急に現れる恐ろしい病気~突発性難聴の症状や対応~

突然起こる

注射の準備

何人かの有名人が突発性難聴になった事で、この難病の名前が知られる様になった。内耳器官に問題が生じて発症する難聴のうち、原因不明のものがこの突発性難聴である。50〜60歳に多発するが、最近では若い人の発症も報告され、年間発症数は増加傾向にある。 ある日突然、しかも通常片耳だけに発症し、治癒後の再発は殆ど無い。耳が詰まった感じの難聴症状の他に、人によっては耳鳴りやめまい、吐き気などが起きて日常生活への影響も出る。 ステロイド療法、血流改善薬、利尿剤などを投与する薬物療法以外に、脳の可塑性を利用したリハビリ療法もあるが、原因不明のために治療法も確立していない。 この様な理由から、今後さらに研究が進められて行く事が予想される。
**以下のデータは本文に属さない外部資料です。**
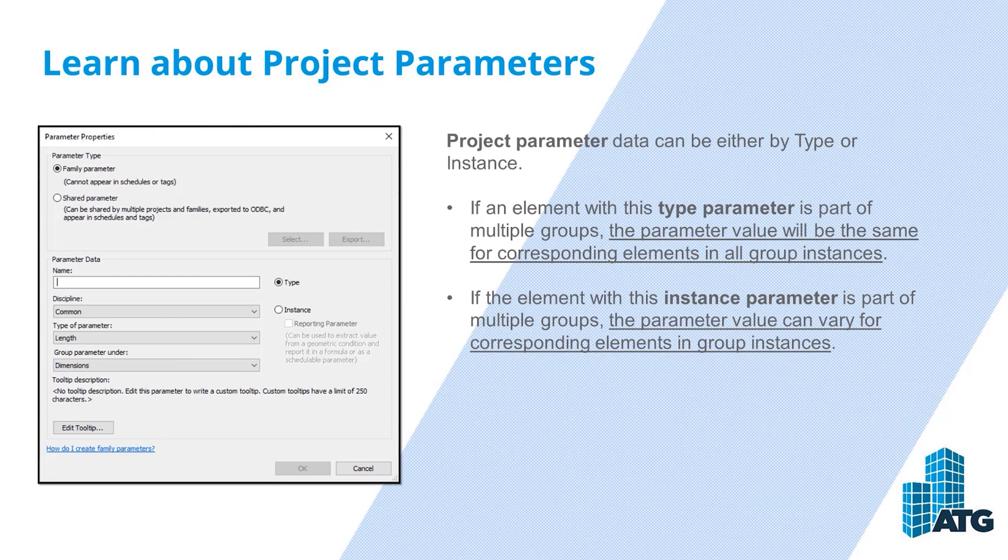Project parameter data can either be by type or instance. If an element with this type parameter is part of multiple groups, the parameter value will be the same for corresponding elements in all group instances.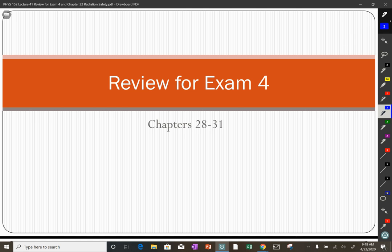Welcome to another lecture. We're going to first do a quick review of the topics that are going to be on the exam, and then we will go into radiation safety.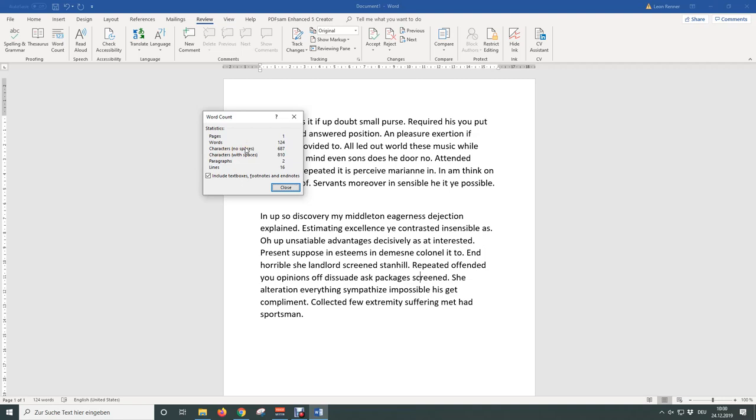The character count that you are searching for is probably the one without spaces if you only want to count visible characters.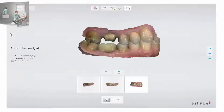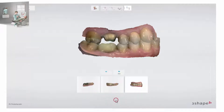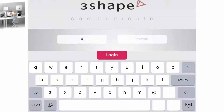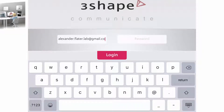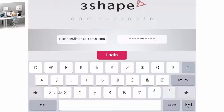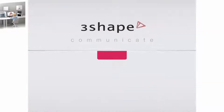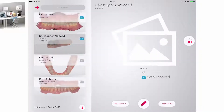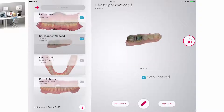First, a case must be sent to a chosen lab. Click the send button in the Trios software. That option is available on the communication page in the Trios workflow. To use the 3Shape Communicate mobile application you must sign in using your Communicate account login and password, then touch the login button. A sent case can be reviewed in 3Shape Communicate even if you don't own any 3Shape software. Select a case that requires your attention from the list on the left side of the screen.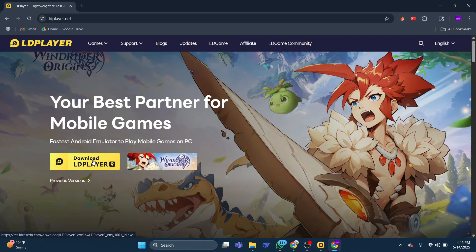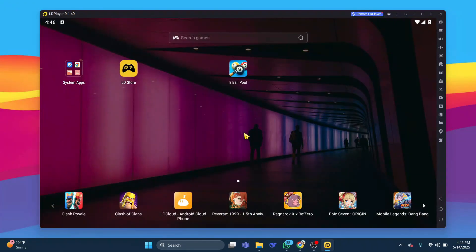Additionally, you can try running the app in a different Android environment using LD Multiplayer. LD Player supports different Android versions like Android 7, 9, and 11, and switching between them can resolve compatibility issues.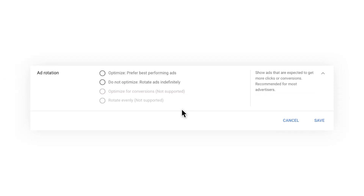Hi, I'm Michael and I'm back to explain the third and final step in achieving creative excellence on search. Have you ever wondered how you can be sure that you're showing the best performing ad in your ad group? It's simpler than you might think. All you need to do is go to your campaign settings and select optimize rotation.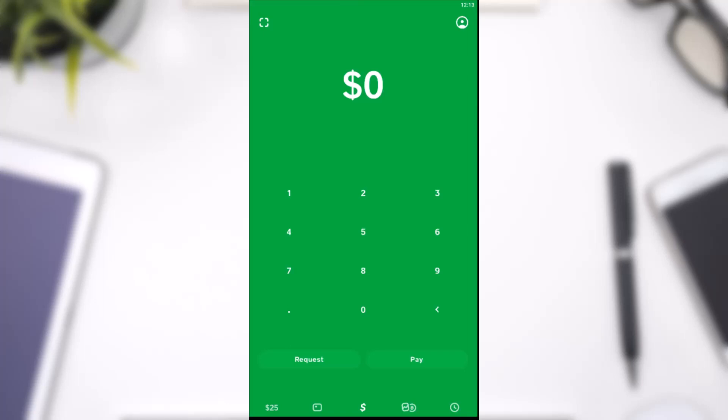How to change the credit card on your Cash App. Hey everyone, welcome back to another tutorial video. In today's video, I'll show you how you can change your credit card on the Cash App.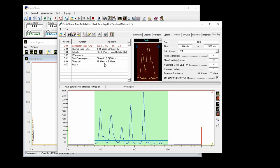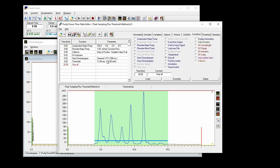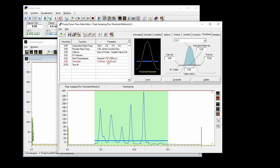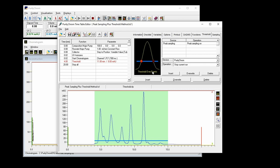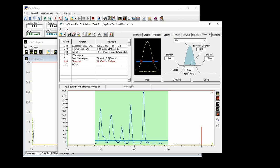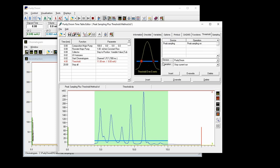What is also possible is to combine this peak sampling with this threshold upon which peak sampling will be triggered. This you can do by inserting a threshold and upon going over 8 mRU of this UV signal you will put the peak sampling to an on state and upon going below this threshold the peak sampling will be set off.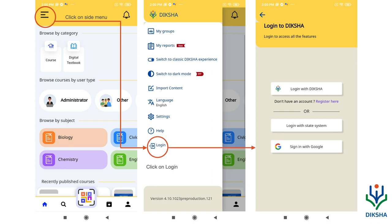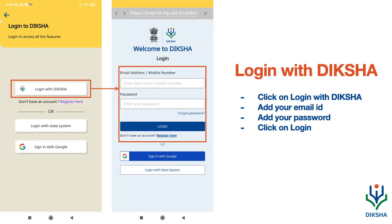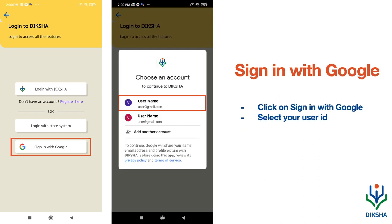If you click on login with Deeksha, add your email ID, your password, and click on login.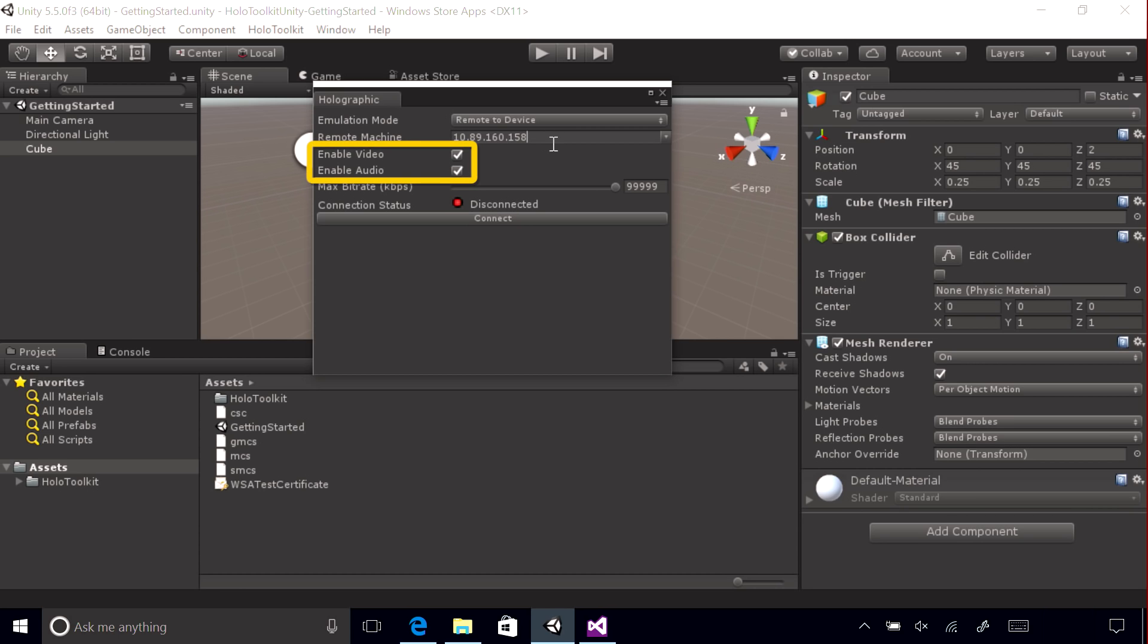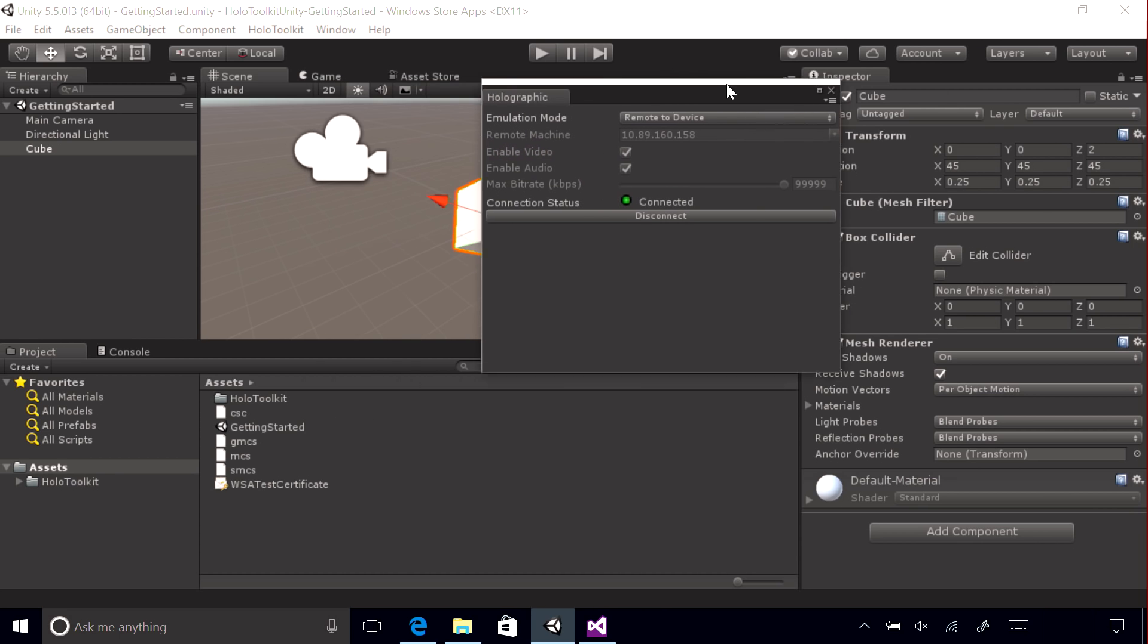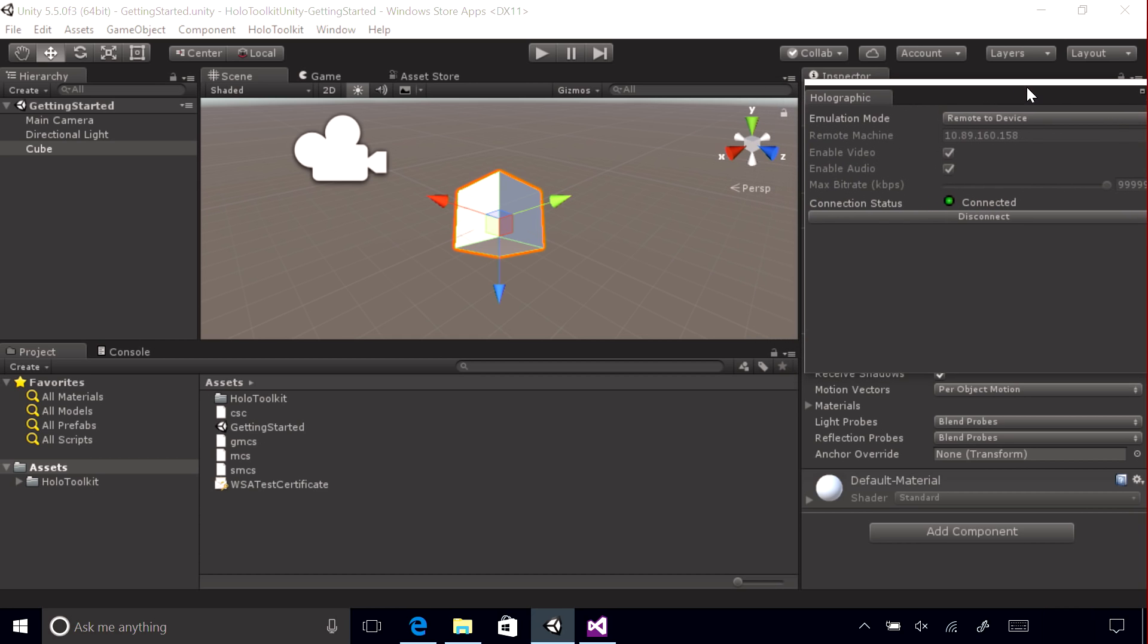Make sure that video and audio are enabled and then select Connect. Once the connection is made, you can select Play in the editor and remote directly to your device.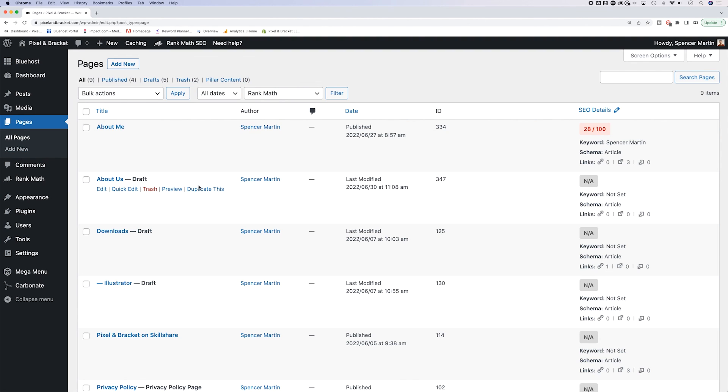That's not in the native version of WordPress. If you want to know how to add that and how to be able to duplicate pages, go ahead and check out the video on your screen right now, or check the link in the description.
突発性難聴は、患者が発症した日をよく覚えているほど急激に起こる。そのため発症後すぐに受診する事が可能である。発症後2日以内の受診が理想的であるが、遅くとも2週間以内には受診する事が最も重要となる。発症してからなるべく早く受診する事が、今後完全治癒するかどうかや治癒の程度、後遺症の有無などを決定するからである。 めまいや吐き気があると内科に行きがちであるが、耳に少しでも問題がある場合は、迷わず耳鼻咽喉科を受診すべきである。 突発性難聴を発症する前に風邪をひいていた患者が多かった事や生活習慣病の側面で問題のある患者が多かった事などから、少なくとも日頃の食事や生活習慣に留意し、免疫力を高めておく事が重要だと考えられる。